Poe scopre il suo genio precocemente e vive in bilico tra la grandezza della sua arte e la depressione del suo vivere, perseguitato dai rovesci finanziari e dagli abbandoni affettivi. Tuttavia si riscatta col dono di un’esaltazione letteraria fulminante. Genio anticipatore di un modo di intendere l’estetica, la critica d’arte e i principi che governano la bellezza nella poesia e nella letteratura, con i suoi canoni per riconoscerla, tutti i suoi saggi dei Principi poetici, diventeranno un riferimento per tanti scrittori e soprattutto poeti della fine del XX secolo. Fu uomo che soffrì indicibilmente per tutto l’arco della sua breve vita; morì a quarant’anni.
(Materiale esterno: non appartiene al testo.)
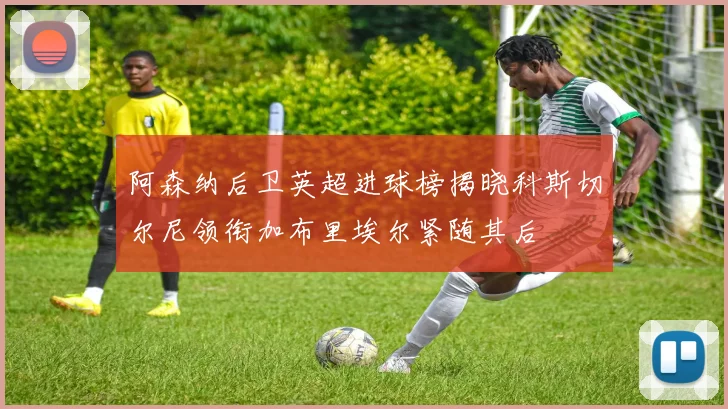 阿森纳后卫英超进球榜揭晓科斯切尔尼领衔加布里埃尔紧随其后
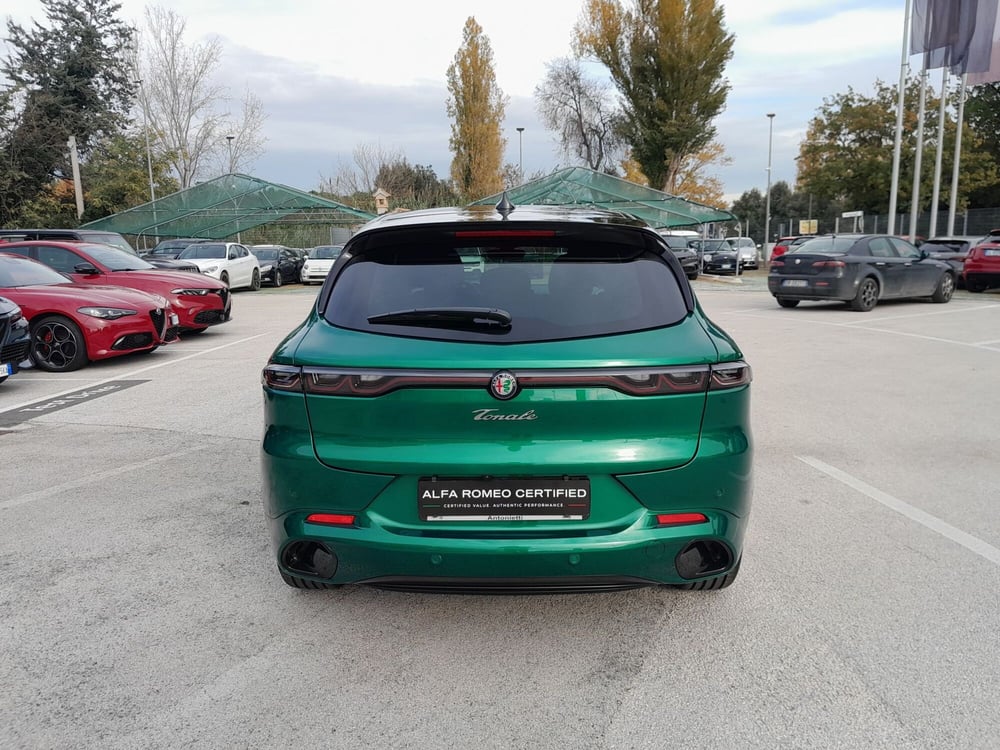 Alfa Romeo Tonale nuova a Ancona (6)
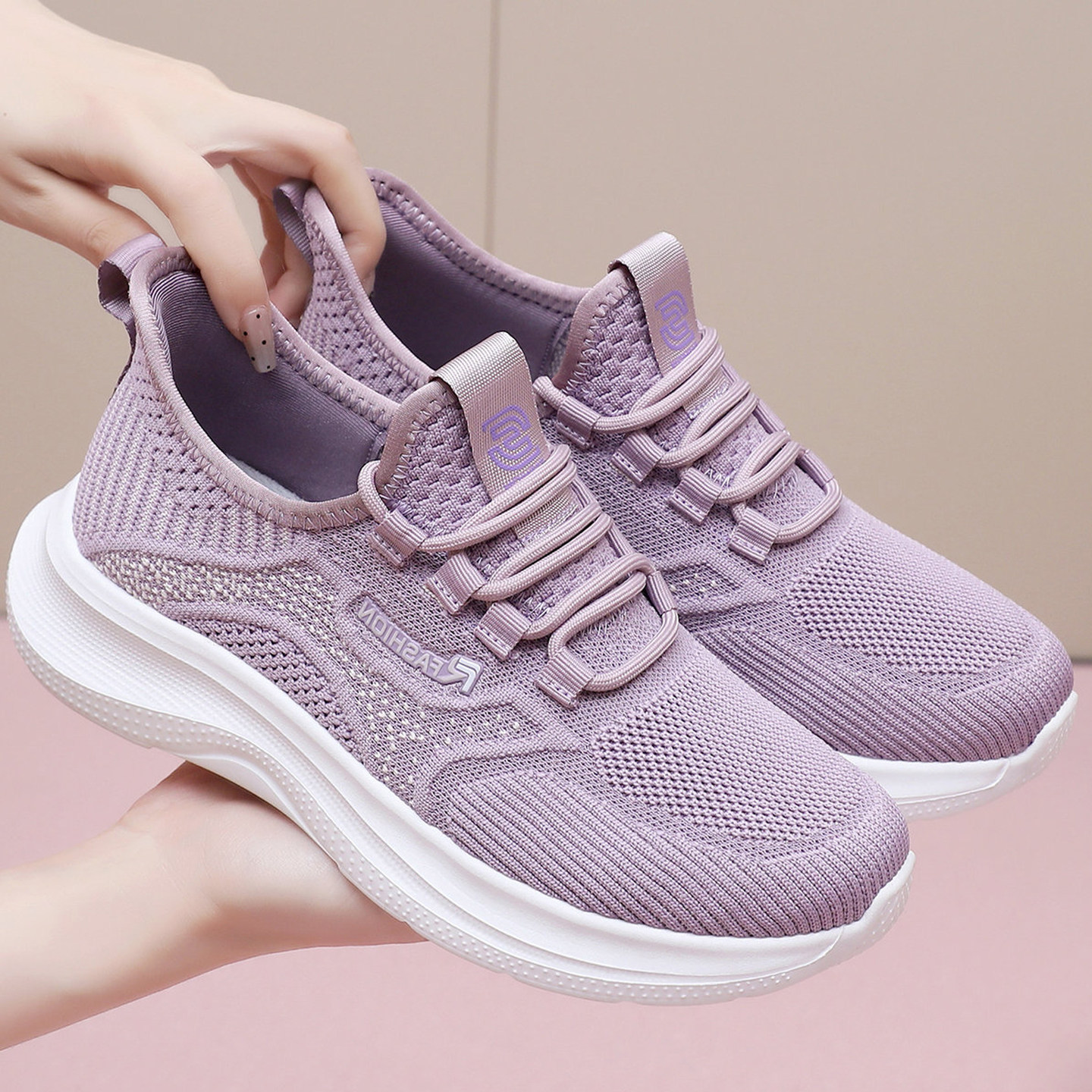 春秋季老北京布鞋女鞋舒适透气休闲运动鞋中老年人软底防滑妈妈鞋,女鞋,传统布鞋,淘宝优惠券,粉丝福利购,淘宝优惠卷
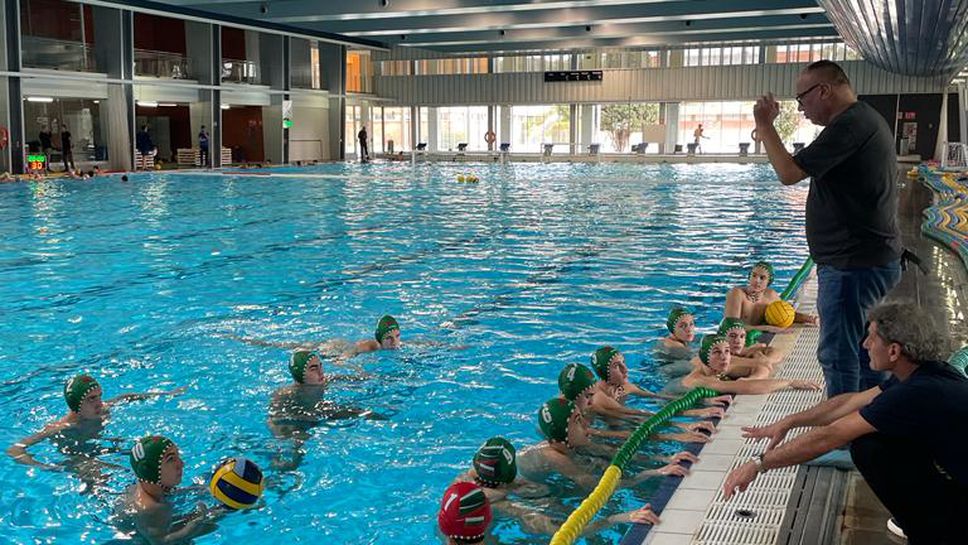 Националите U17 с три победи и две загуби в Барселона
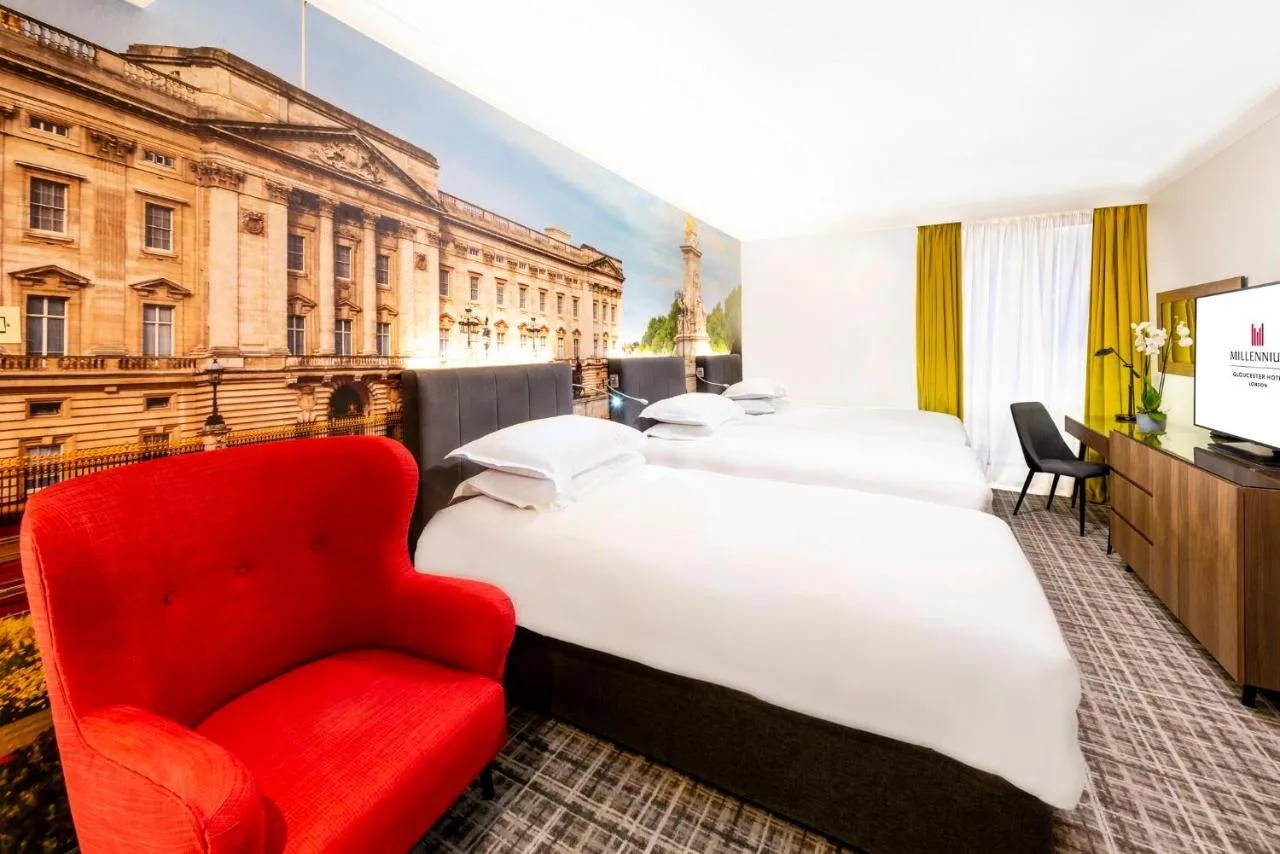 Deluxe Triple Room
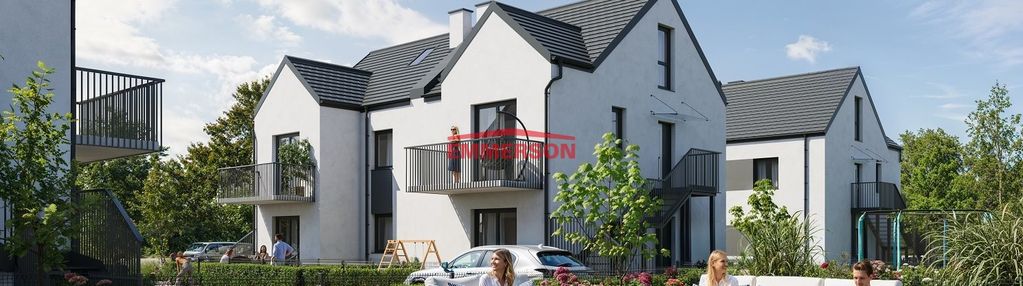 Kameralna, cicha inwestycja, duże ogródki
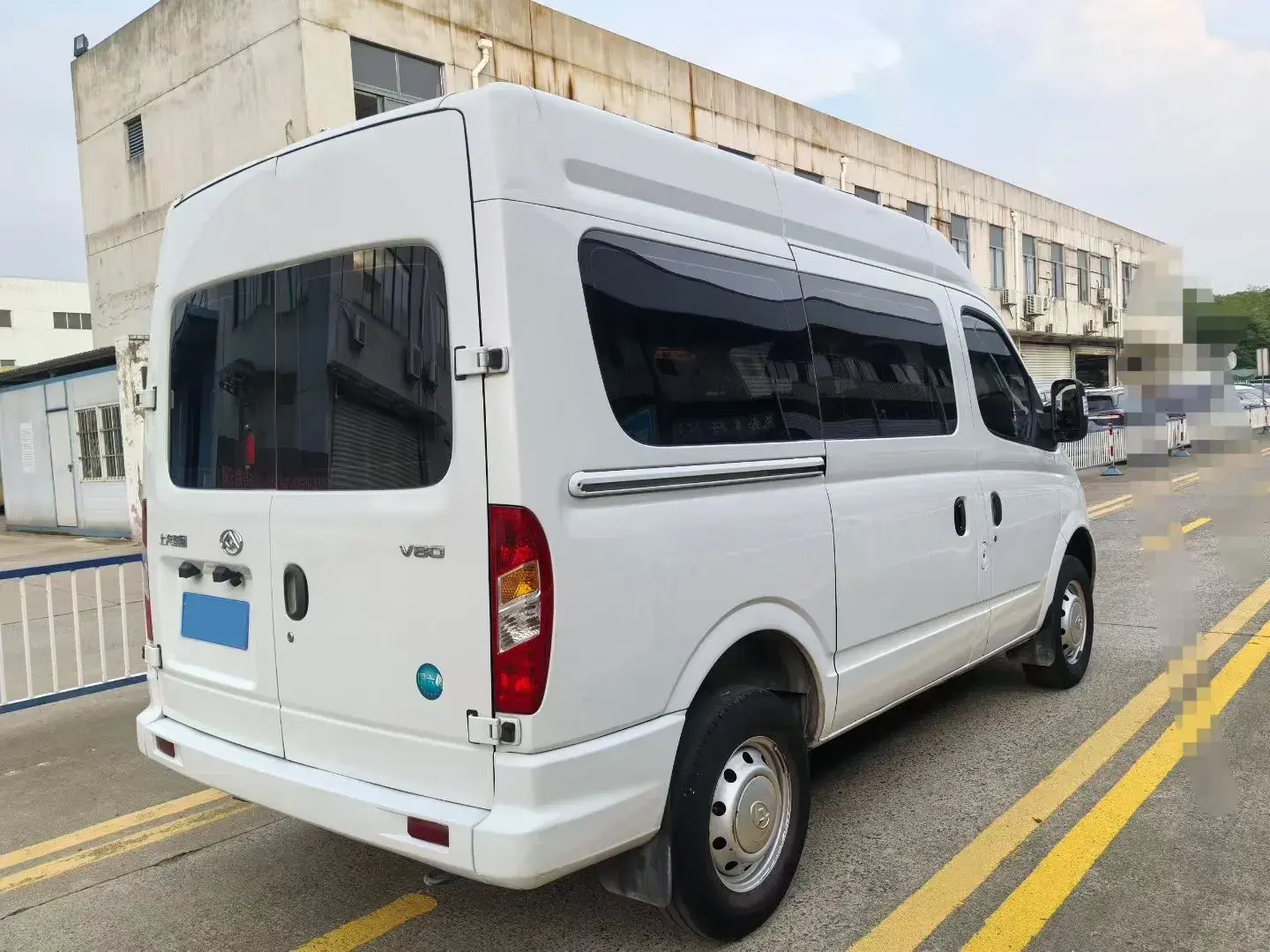 2021 MAXUS XINTU thumbnail 4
Incontriamo Teresa Campi, che nel suo saggio biografico La vera storia di Edgar Allan Poe, ci fa il dono preziosissimo di un Poe spogliato dell’icona dello scrittore maledetto e rivestito di un’autentica e disarmante anima romantica. Campi è tra l’altro autrice di una biografia della poetessa francese Rene Vivien, di cui ha tradotto le poesie, in una introvabile edizione di Savelli e ha scritto un romanzo letterario, basato sugli ultimi studi biografici come D’amore e morte, Byron, Shelley e Keats a Roma.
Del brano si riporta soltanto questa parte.